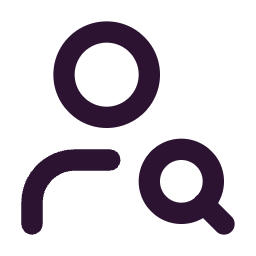 Stethoscope icon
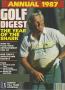 Page: - 0_1 | Golf Digest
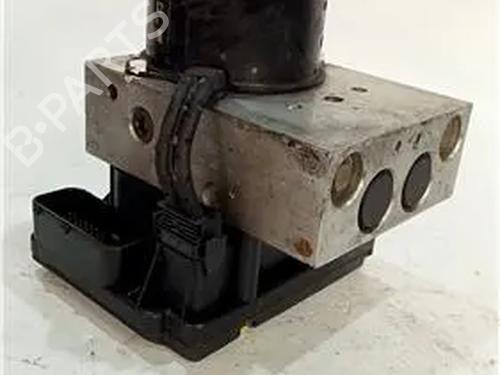 ABS Bremseaggregat SEAT TOLEDO II (1M2) 1.9 TDI (90 hp) 23910847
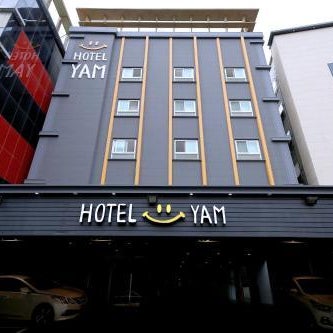 HOTEL YAM Thumbnail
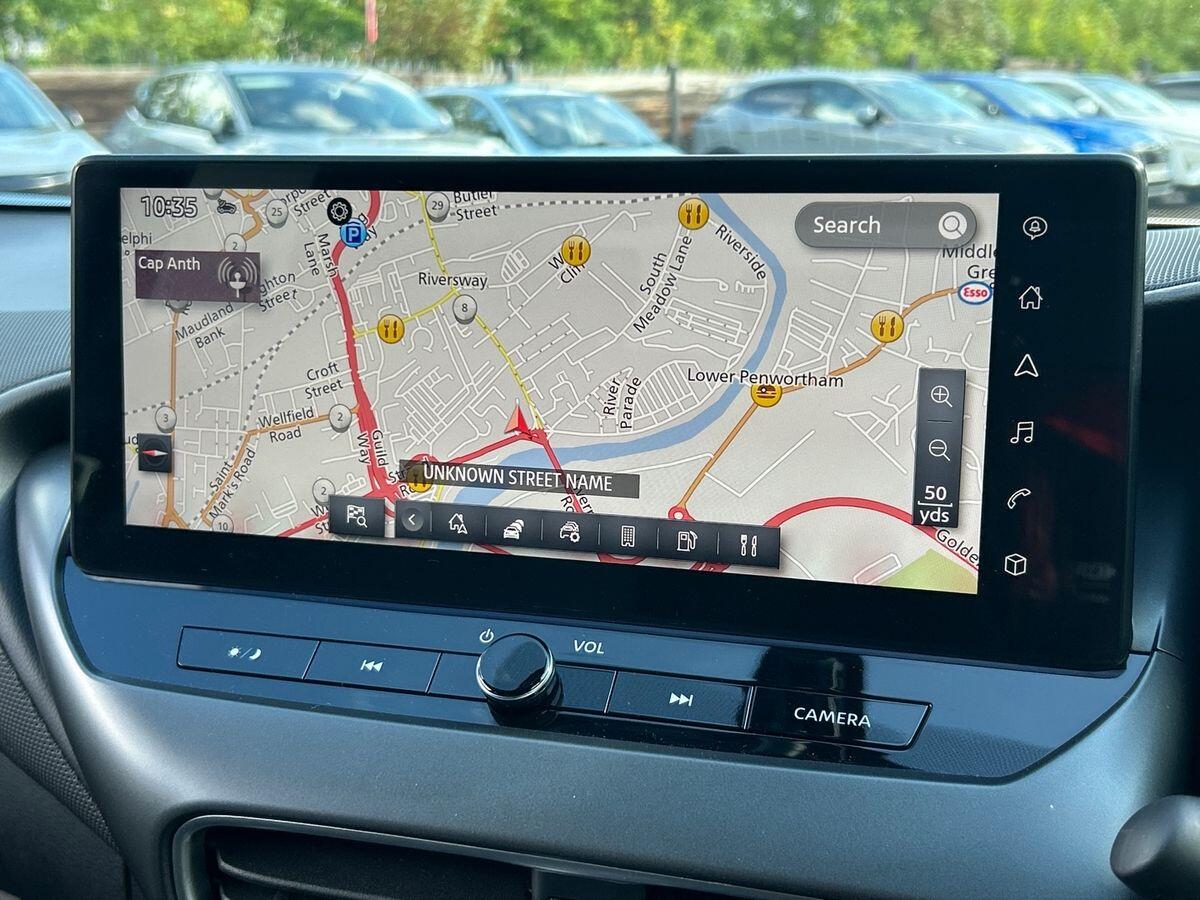 Used Nissan Juke 2024 for sale - 76650506: Photo 29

*****

### WORK ITEM
Give the data above again, exactly, with every picture removed.

### REPLY
 Stethoscope icon
 Page: - 0_1 | Golf Digest
 ABS Bremseaggregat SEAT TOLEDO II (1M2) 1.9 TDI (90 hp) 23910847
 HOTEL YAM Thumbnail
 Used Nissan Juke 2024 for sale - 76650506: Photo 29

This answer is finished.